Dataset records:
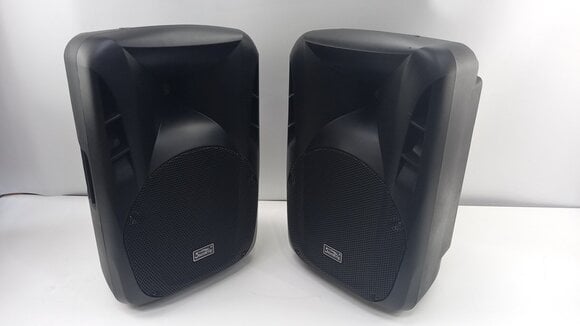 Portable PA System Soundking PAP10 Portable PA System (Pre-owned) - 15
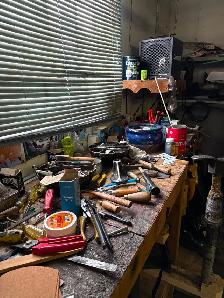 West End Shoe Repair Business for sale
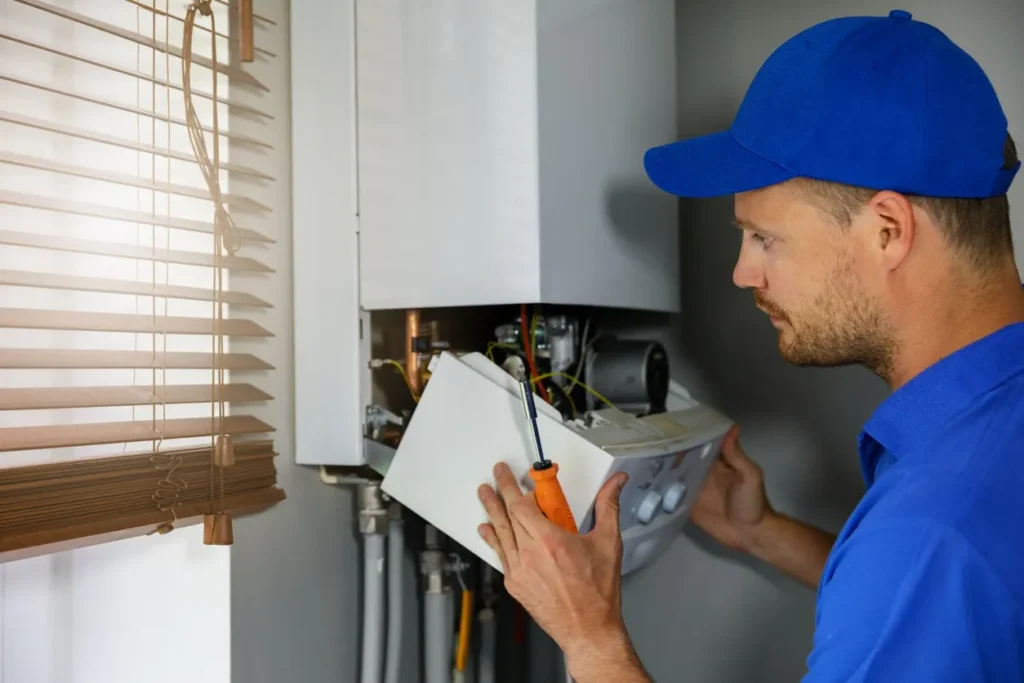 Furnace Replacement in Port Ludlow, WA | Eagle Pipe Heating & Air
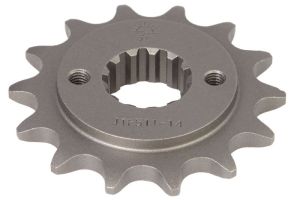 Zębatka napędowa przednia JTF511,14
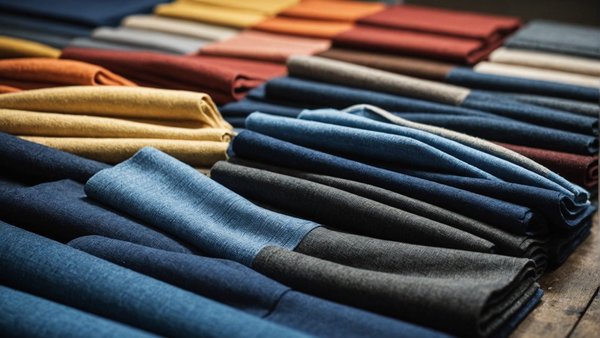 Choisir le bon fournisseur de tissu pour professionnel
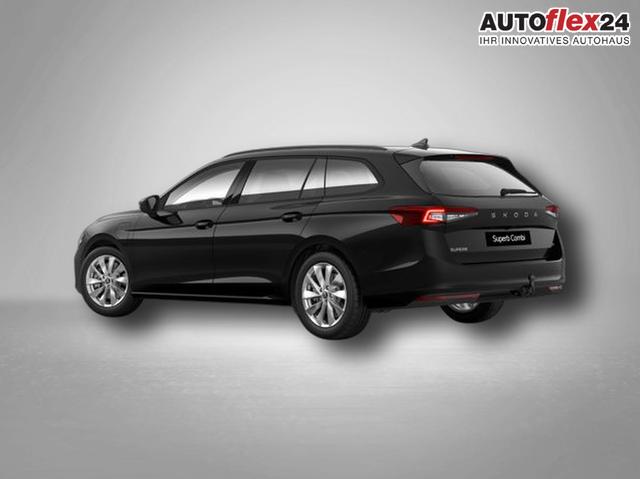 Skoda Superb Combi Selection 1.5 TSI iV 6-Gang-DSG 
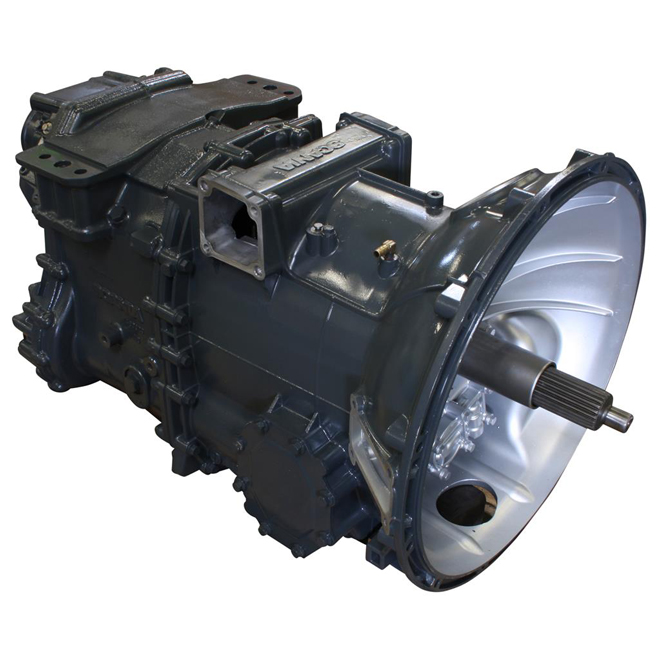 519629 Transmission REMAN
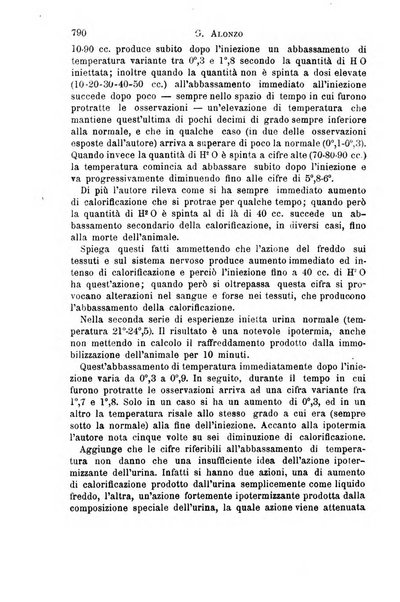 Il morgagni giornale indirizzato al progresso della medicina. Parte 1., Archivio o Memorie originali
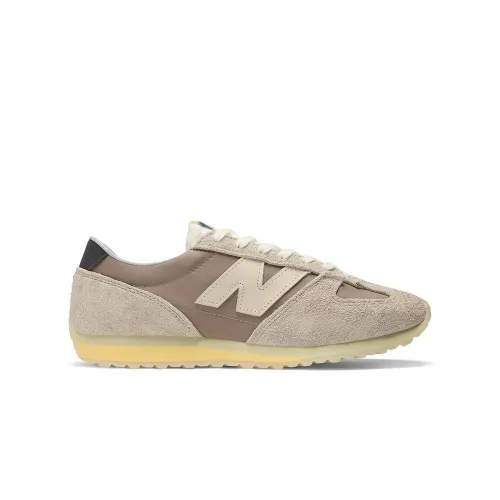 Кроссовки unisex New Balance U471GR - Бежевый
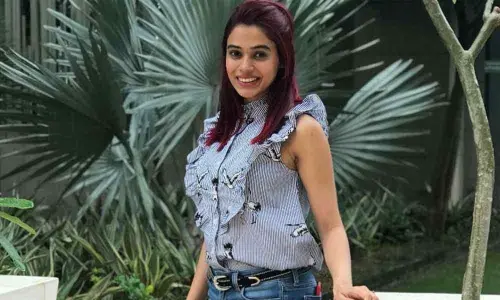 I am married to music: Shalmali Kholgade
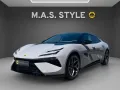 Lotus Emeya Glasdach 21 Zoll mtl. Leasingrate 690,00€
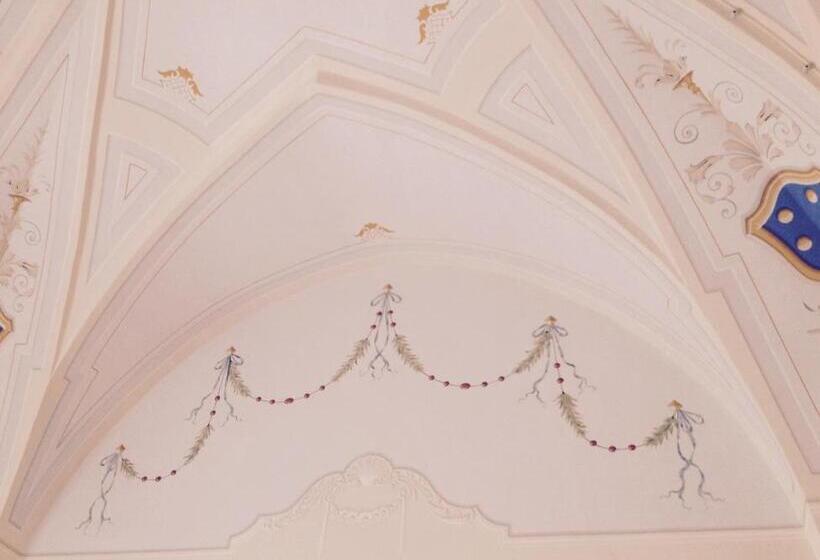 Bed and Breakfast Ugento Dimora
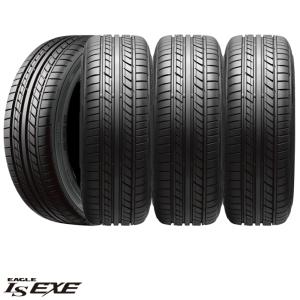 グッドイヤー〈GOODYEAR〉EAGLE LS EXE｜175/60R14 79H｜イーグル エルエス エグゼ｜4本セット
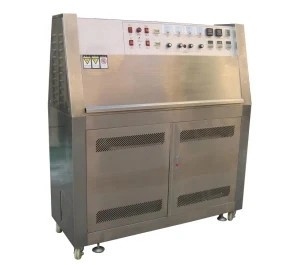 湿気範囲≥95% R·Hの紫外線風化の部屋AC 220v 50hz 5kw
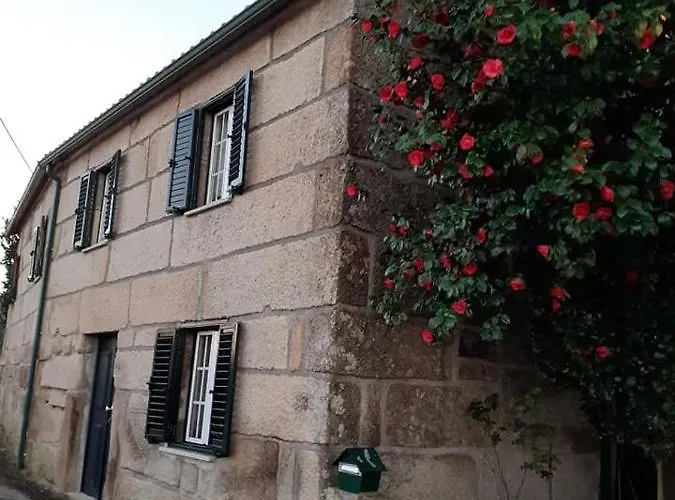 Casa Do Forno Da Aldeia - Serra Da Estrela Seixo da Beira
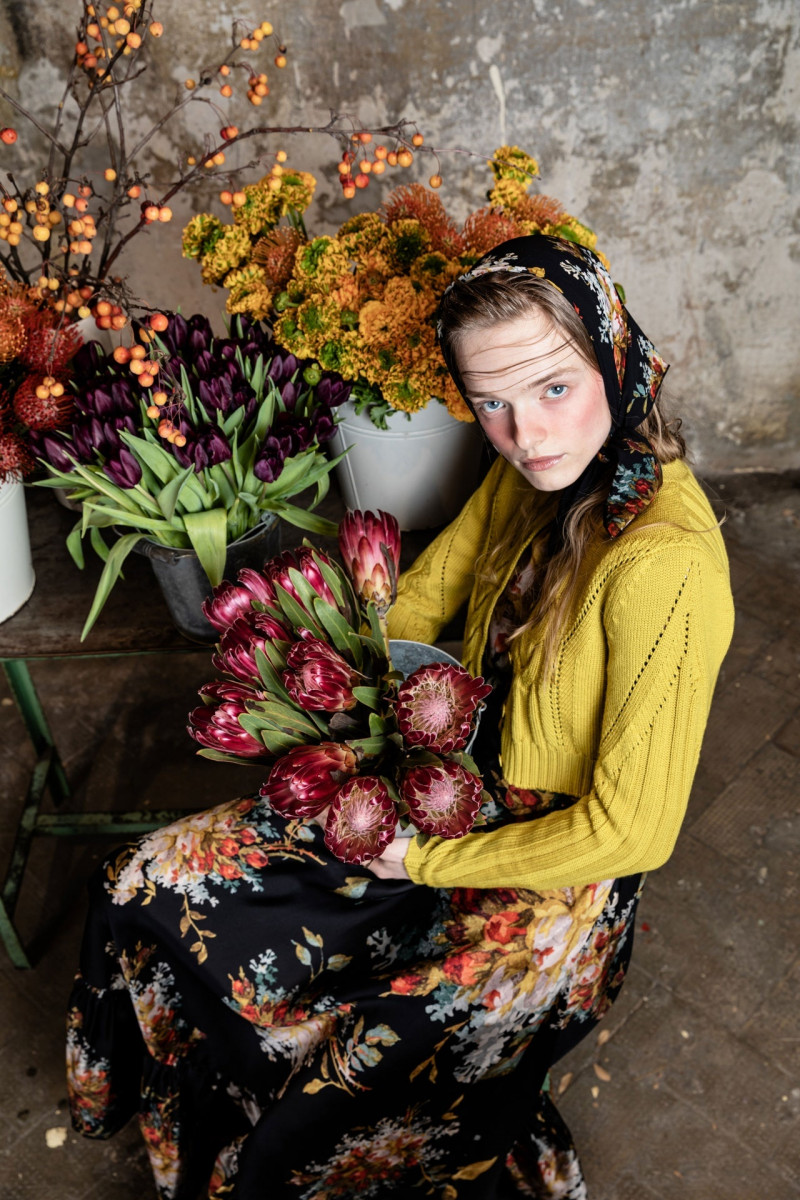 Antonio Marras lookbook for Pre-Fall 2023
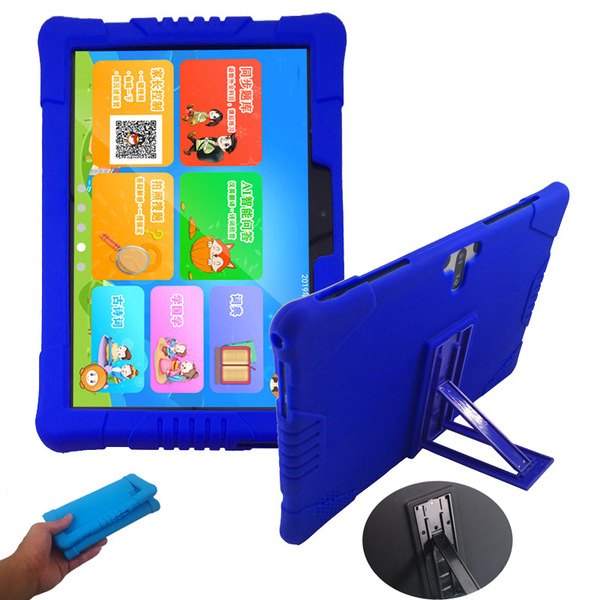 POUCH D.VICE X10 BLUE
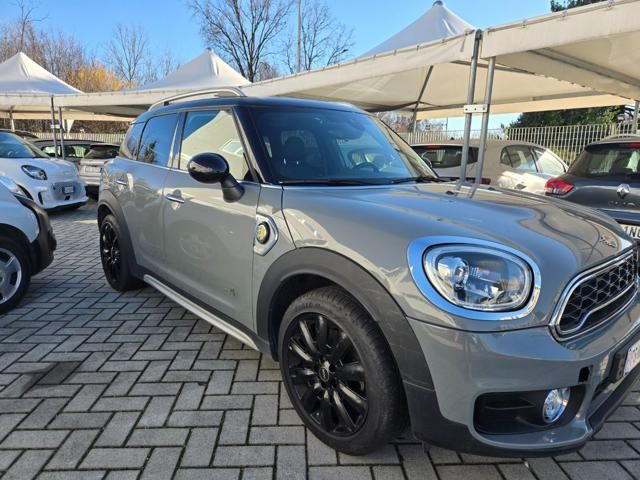Image of MINI Countryman S (Cooper)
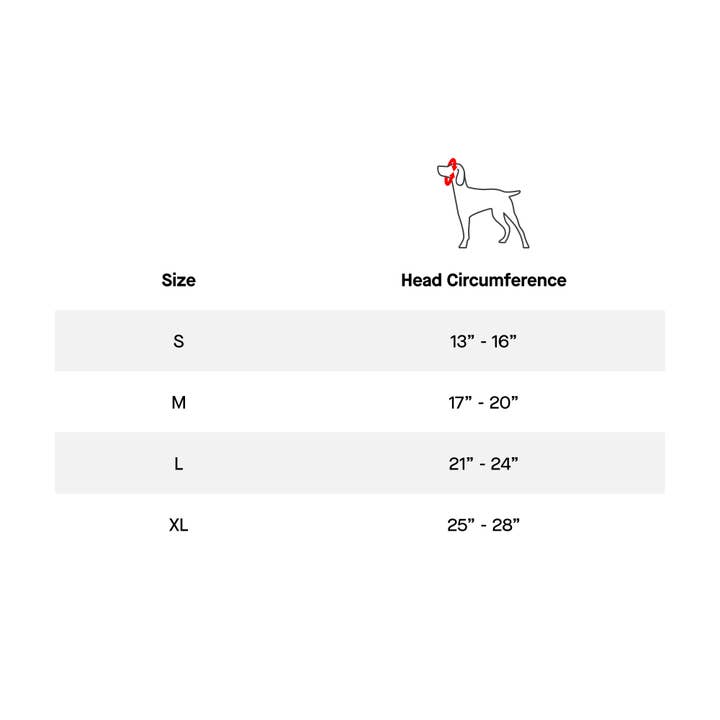 Blau Chill Seeker Kühlender Sonnenhut für Hunde (Blau) für den Großhandel auf Faire3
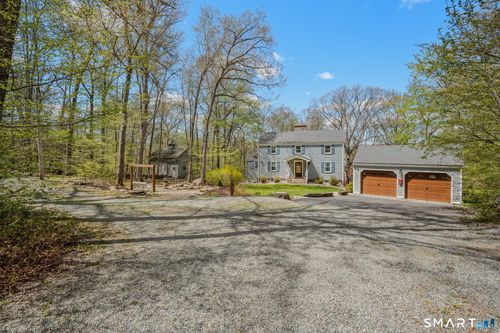 43 Church Hill Rd, Ledyard, CT, 06339-1301 | Card Image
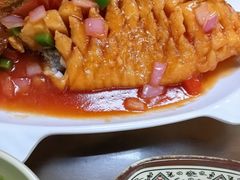 -聂记粤菜馆(鼓西路店)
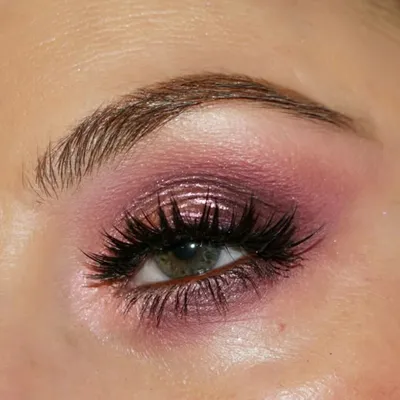 Beauty Blogger profile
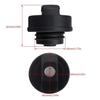Black Fuel Petrol Cap Locking Tank Fuel Tank Cap for OPEL VAUXHALL Zafira Astra Vectra Corsa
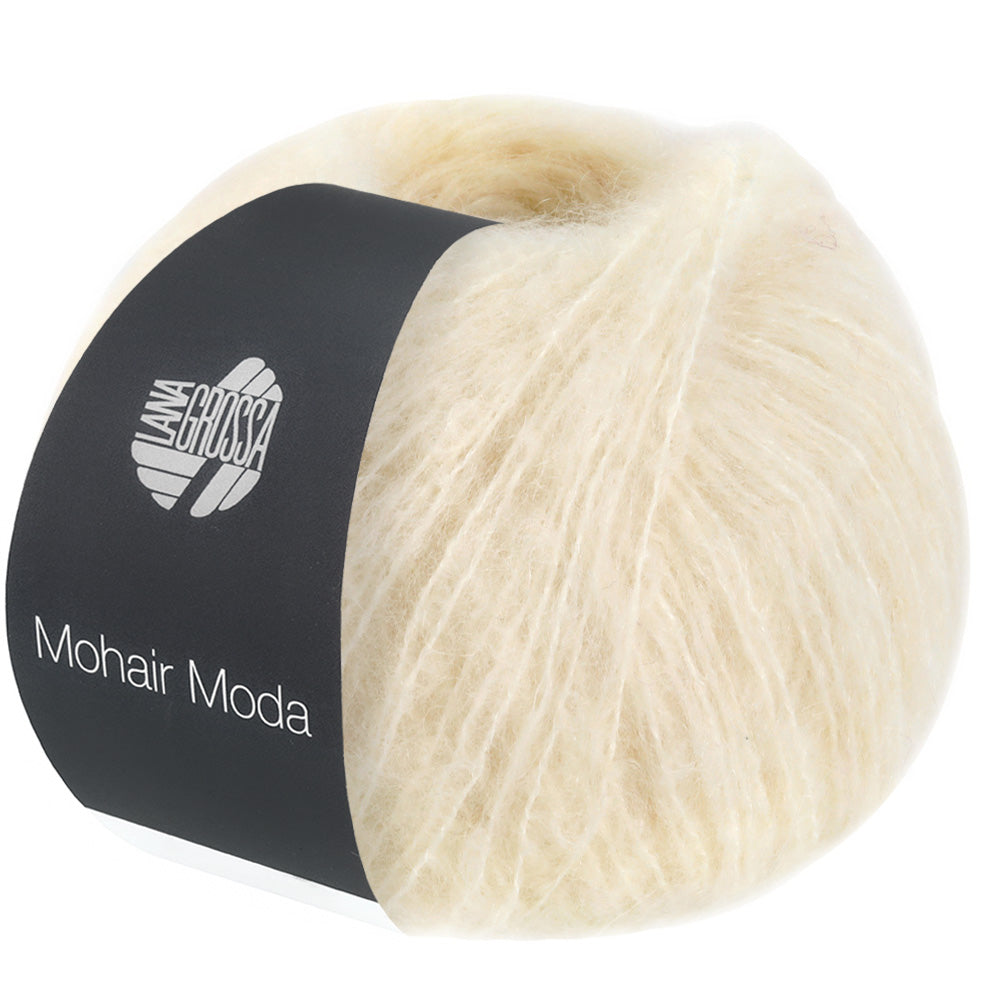 Mohair Moda
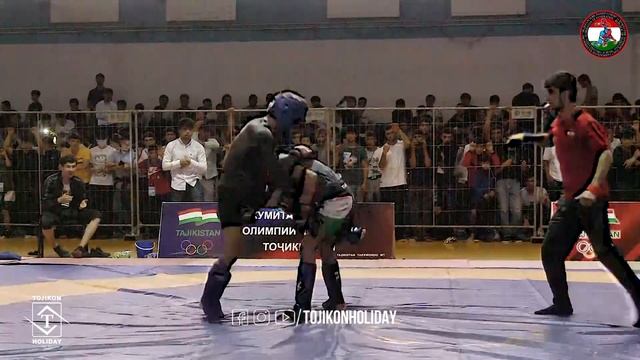 #057 Чемпионати Панкратион смотреть онлайн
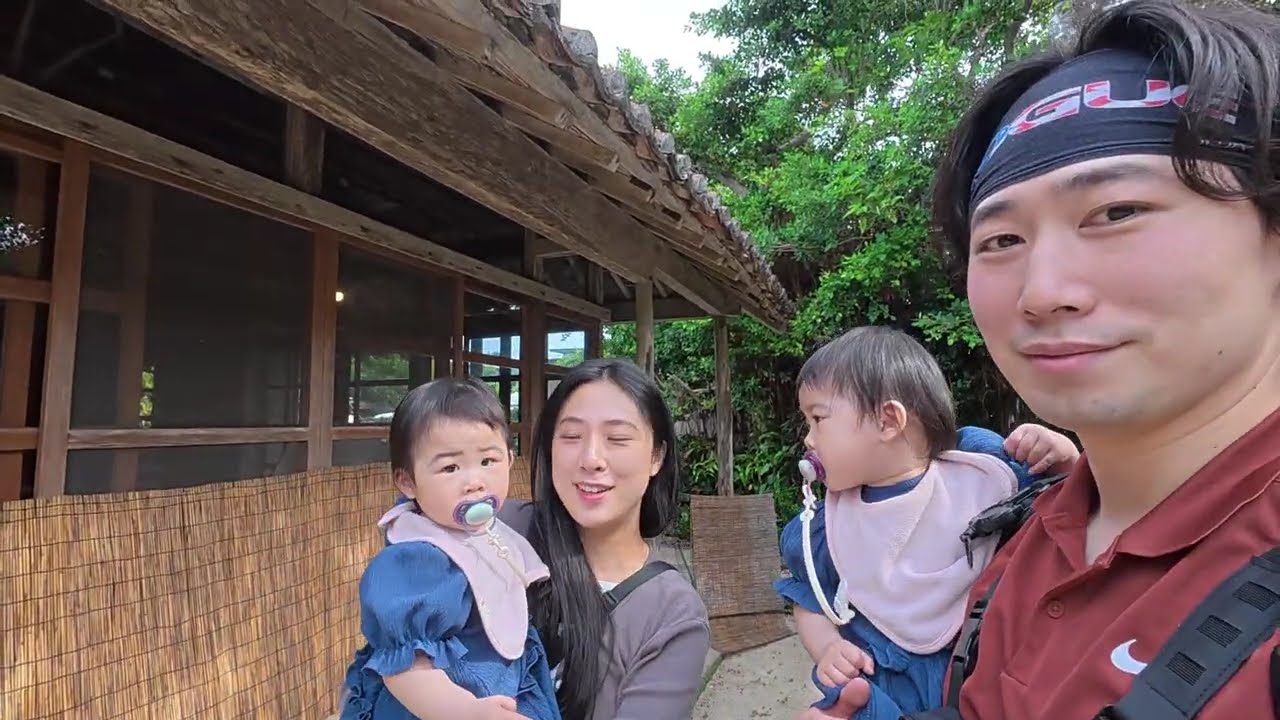 11월 오키나와여행(재업)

Problem requirements: Nothing but the lines from the one that contains "Il morgagni giornale" through the last line of the records belongs in the answer, reproduced exactly, with no pictures.

Output of the task:
 Il morgagni giornale indirizzato al progresso della medicina. Parte 1., Archivio o Memorie originali
 Кроссовки unisex New Balance U471GR - Бежевый
 I am married to music: Shalmali Kholgade
 Lotus Emeya Glasdach 21 Zoll mtl. Leasingrate 690,00€
 Bed and Breakfast Ugento Dimora
 グッドイヤー〈GOODYEAR〉EAGLE LS EXE｜175/60R14 79H｜イーグル エルエス エグゼ｜4本セット
 湿気範囲≥95% R·Hの紫外線風化の部屋AC 220v 50hz 5kw
 Casa Do Forno Da Aldeia - Serra Da Estrela Seixo da Beira
 Antonio Marras lookbook for Pre-Fall 2023
 POUCH D.VICE X10 BLUE
Image of MINI Countryman S (Cooper)
 Blau Chill Seeker Kühlender Sonnenhut für Hunde (Blau) für den Großhandel auf Faire3
 43 Church Hill Rd, Ledyard, CT, 06339-1301 | Card Image
 -聂记粤菜馆(鼓西路店)
 Beauty Blogger profile
Black Fuel Petrol Cap Locking Tank Fuel Tank Cap for OPEL VAUXHALL Zafira Astra Vectra Corsa
 Mohair Moda
 #057 Чемпионати Панкратион смотреть онлайн
 11월 오키나와여행(재업)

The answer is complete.